Banyak orang salah paham dengan ungkapan ‘Al-Adab Fauqal Ilmi’ atau adab lebih utama daripada ilmu. Sebenarnya, hal ini bukan berarti bahwa adab lebih penting daripada ilmu, tetapi merupakan peringatan agar kita tidak hanya fokus pada pengetahuan tanpa memperhatikan akhlak dan perilaku yang baik.
Menurut Hadlaratussyekh KH Muhammad Hasyim Asy’ari, adab adalah hasil dari tauhid, iman, dan syariat.

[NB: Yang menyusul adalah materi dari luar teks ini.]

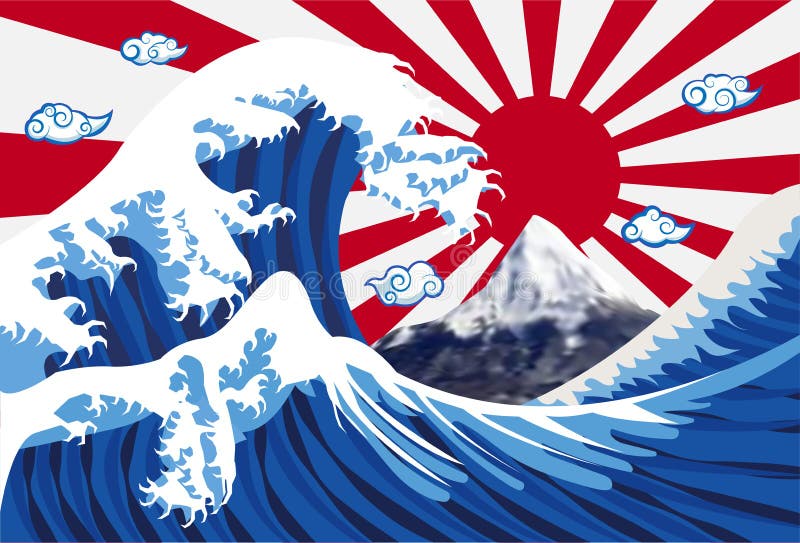 Undă de mare cu drapelul Mount Fuji și Japonia vector illustration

Ini artinya, seseorang yang memiliki adab biasanya juga memiliki pemahaman yang baik tentang syariat, keimanan, dan ketuhanan.

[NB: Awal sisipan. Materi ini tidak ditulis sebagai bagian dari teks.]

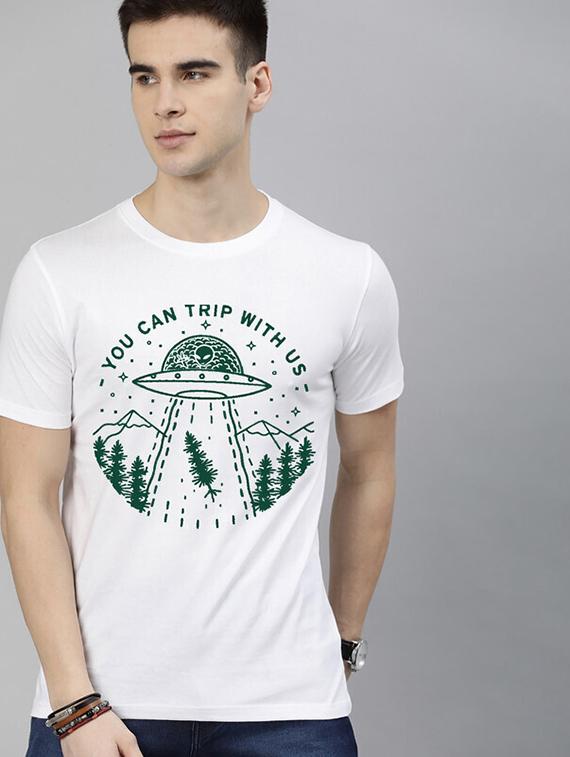 men white front printed t-shirt - 21518218 - Standard Image - 1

Namun, beberapa orang salah memahami ungkapan ini. Mereka cenderung meniru gaya hidup dan perilaku tokoh-tokoh yang dianggap alim tanpa memperhatikan proses dan pemahaman yang mendalam tentang agama. Akibatnya, mereka lebih suka menghadiri acara-acara keagamaan yang meriah daripada memperdalam ilmu agama di majelis ilmu setempat.
Padahal, keberlangsungan Islam selalu bergantung pada kekuatan ilmu. Sebagaimana disampaikan Imam Al-Zarnuji, pemahaman agama yang mendalam adalah pondasi utama dalam beribadah. Bahkan, Nabi Muhammad saw mengatakan bahwa pemahaman agama yang benar adalah hal terpenting dalam menyembah Allah.
Seseorang yang memiliki ilmu agama biasanya juga mengetahui penyakit-penyakit hati yang bisa merusak ibadah. Oleh karena itu, ilmu agama juga membantu dalam membersihkan hati dan meningkatkan kualitas ibadah seseorang.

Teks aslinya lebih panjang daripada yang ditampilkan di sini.